Jawad Abdelmoula

Personal information
- Born: 18 February 1994 (age 32) Angers, France

Sport
- Country: Morocco; France;
- Sport: Triathlon
- Club: Poissy Triathlon [fr]

Medal record
Men's triathlon
Representing Morocco
World Championship Series
| Bronze medal – third place | 2022 Hamburg | Elite |
African Championships
| Gold medal – first place | 2025 Nelson Mandela Bay | Elite |
| Gold medal – first place | 2022 Agadir | Elite |
| Silver medal – second place | 2022 Agadir | Mixed relay |
| Bronze medal – third place | 2023 Hurgada | Elite |
African Sprint Championships
| Gold medal – first place | 2025 El Galala | Elite |
| Gold medal – first place | 2023 Blue Bay | Elite |

= Jawad Abdelmoula =

French-Moroccan triathlete

Jawad Abdelmoula (born 18 February 1994) is a French-Moroccan triathlete. He is a two time African continental champion, and competed at the 2024 Summer Olympics.

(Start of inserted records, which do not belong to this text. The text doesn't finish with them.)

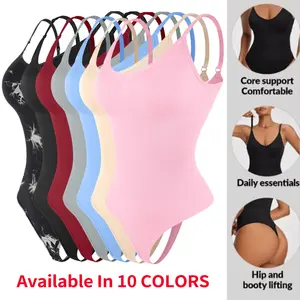 Women Shapewear Tummy Control Bodysuit Snatched Waist Body Suit Thong ，Womens' Sleeveless V-Neck Bodysuit Shapewear Tummy Control Plus Size S-3XL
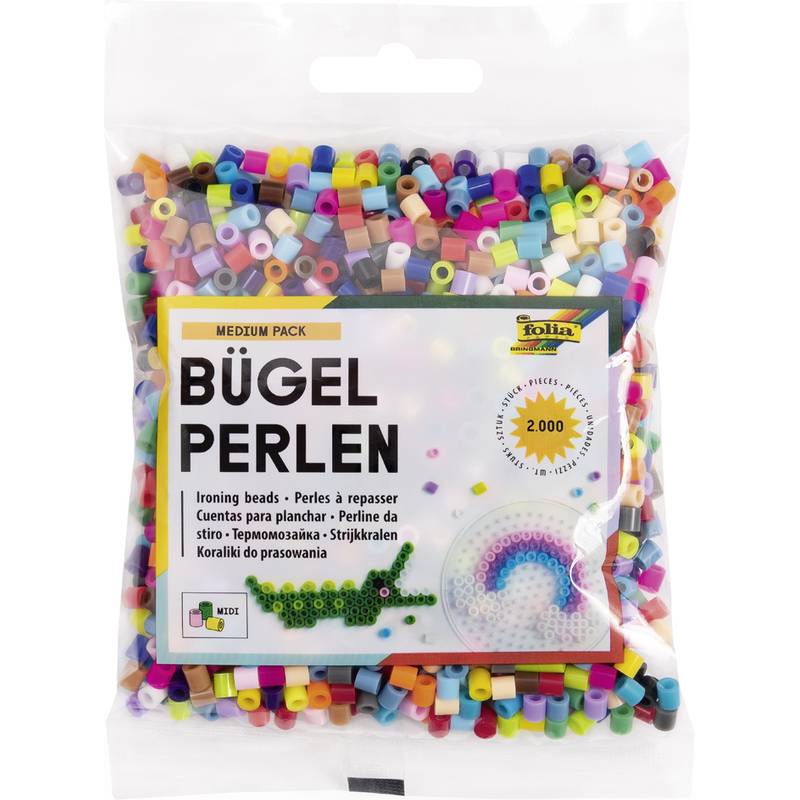 Klare Tasche mit bunten zylindrischen Bügelperlen mit der Aufschrift 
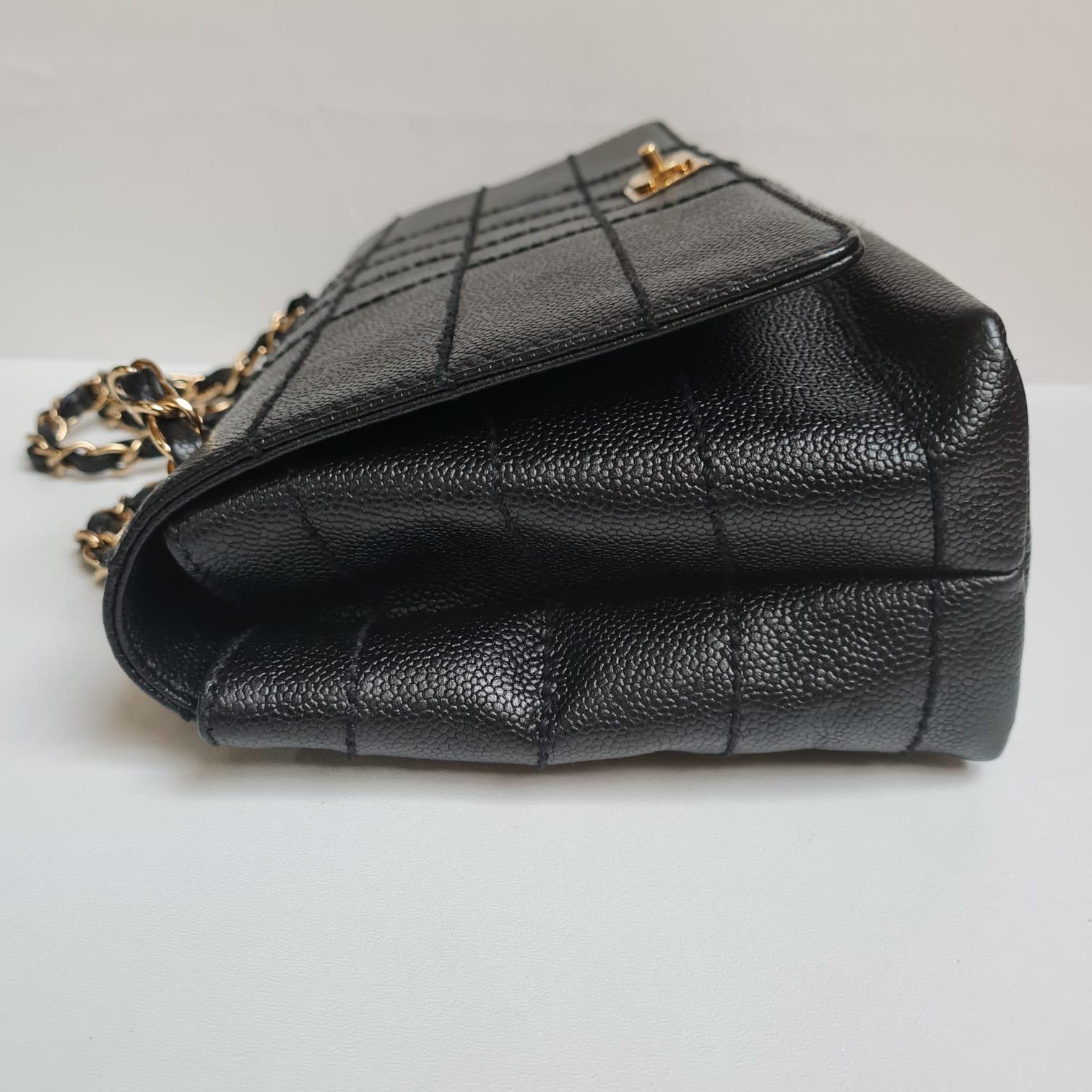 Chanel Black Caviar Square Quilted Flap Bag For Sale 4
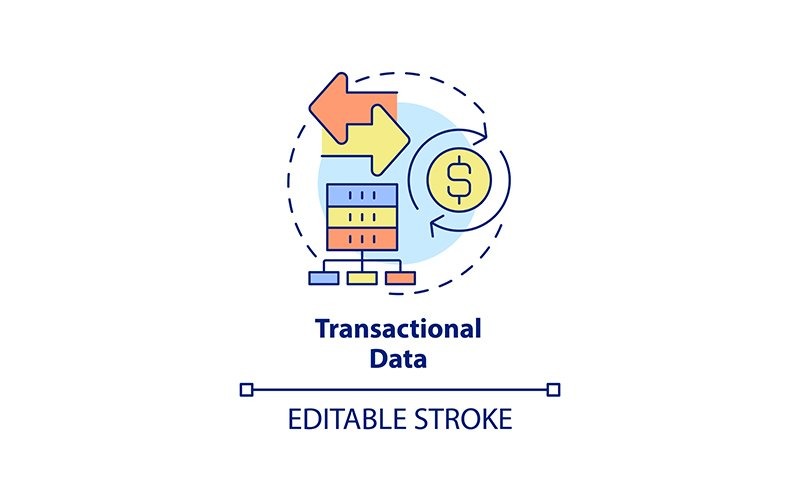 Icono de concepto de datos transaccionales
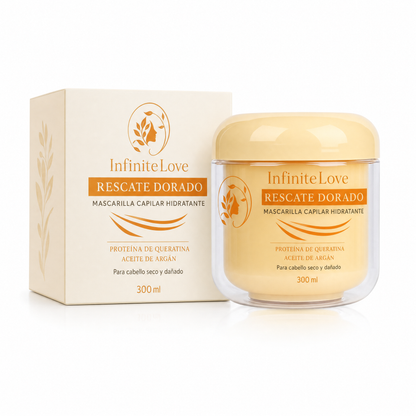 InfiniteLove Rescate Dorado — Mascarilla Capilar con Queratina y Argán 300 ml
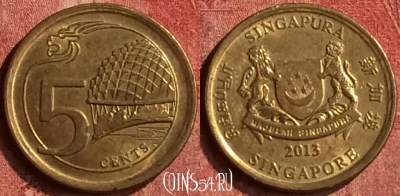 Сингапур 5 центов 2013 года, KM# 345, 402-002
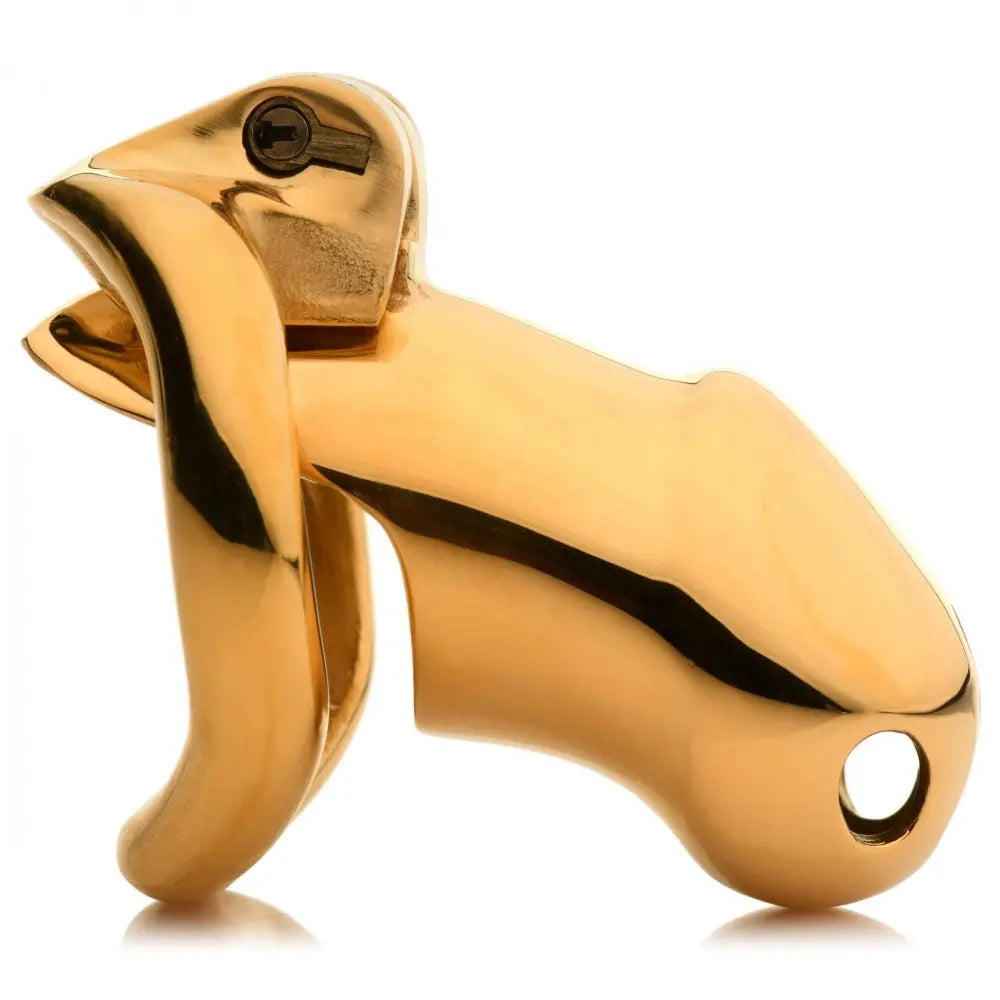 Midas 18K Gold-Plated Locking Chastity Cage Gold Cock Cage BDSM  Chastity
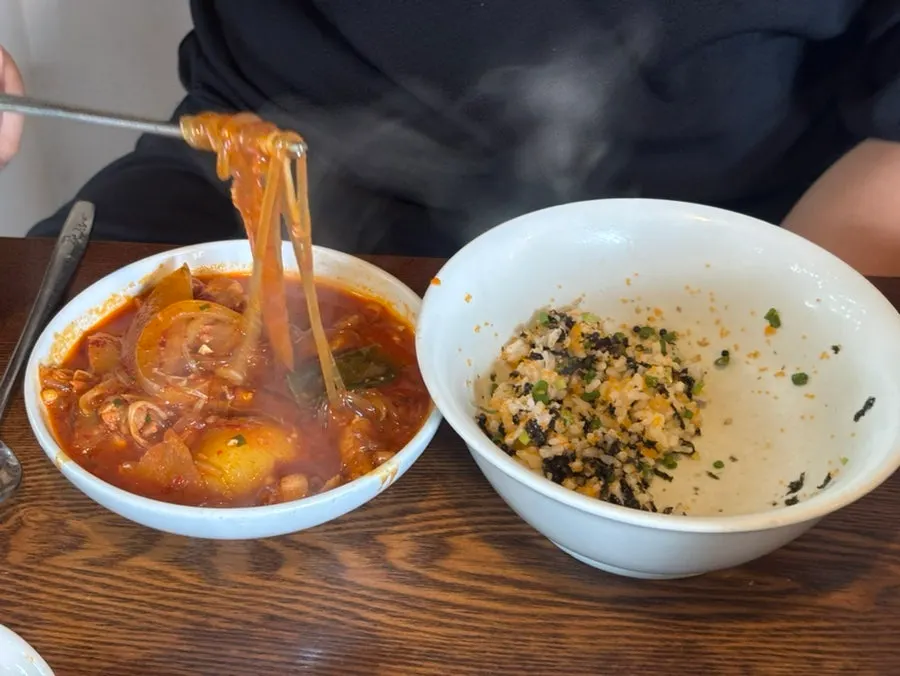 Bowl of mixed rice topped with laver flakes
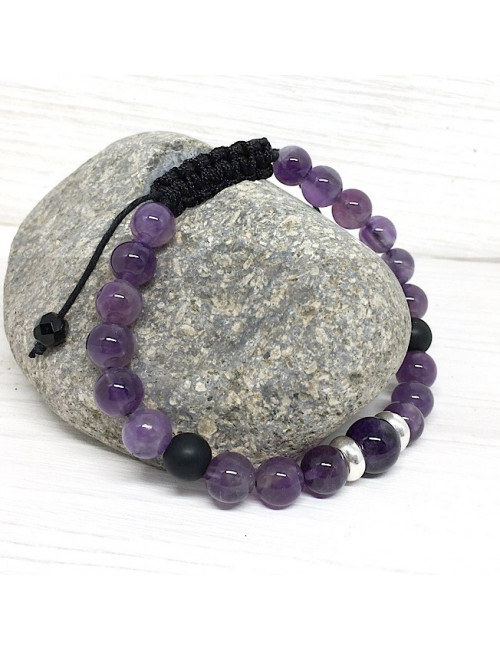 Améthyste et onyx mat, Bracelet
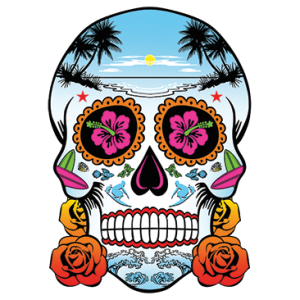 NEON SKULL WITH ROSES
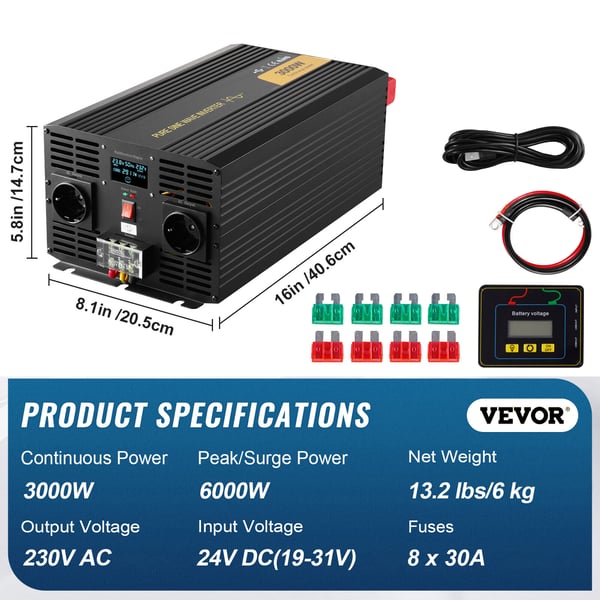 Invertteri, puhdas siniaalto 3000W 24V DC - 230V AC, 40.6x20.5x14.7 cm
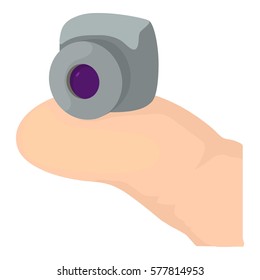 Mini camera icon. Cartoon illustration of mini camera vector icon for web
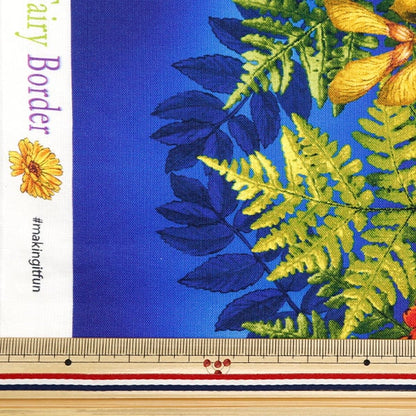 [From quantity 5] Fabric "USA Cotton Flower Fairies Border Pattern DDC1527-Blueb"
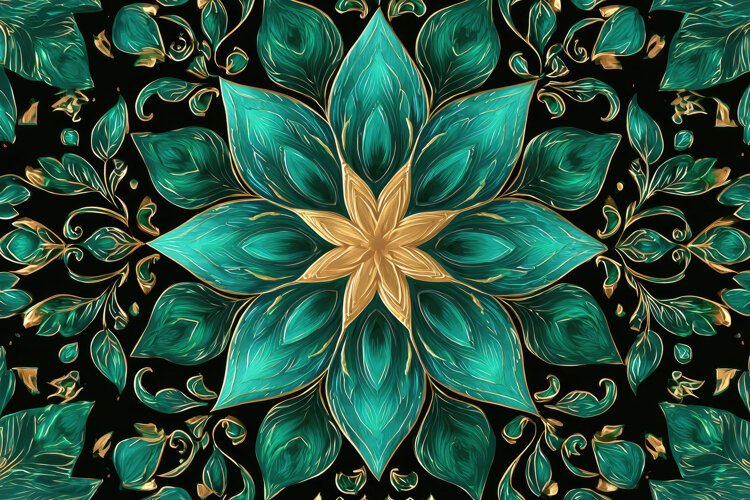 Green and Gold Mandala Background Wallpaper example image 1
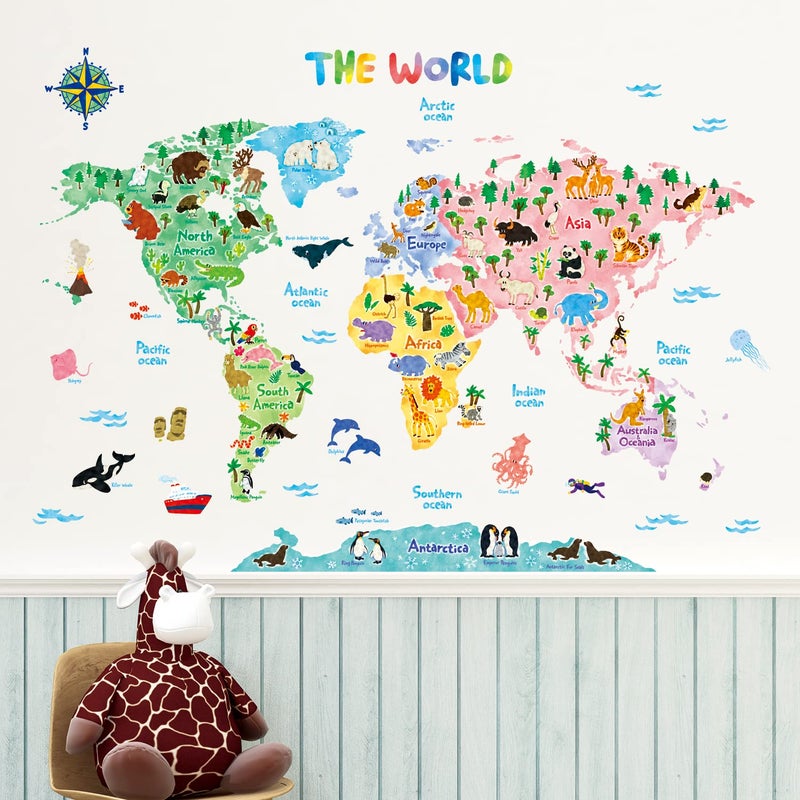 DECOWALL SG2-1615S Animal World Map Kids Wall Decals Wall Stickers Peel and Stick Removable Wall Stickers for Kids Nursery Bedroom Living Room (Large) - Image 4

Born in Angers, France, Abdelmoula has represented Morocco in international competitions since 2021. He originally competed in swimming followed by running, recording personal bests of 28:39 in the 10K and 8:02.43 in the 3000 metres. He began competing in triathlons shortly before turning 25 while still working full time as a firefighter in Rennes. In 2022, he turned fully professional with the Poissy Triathlon club.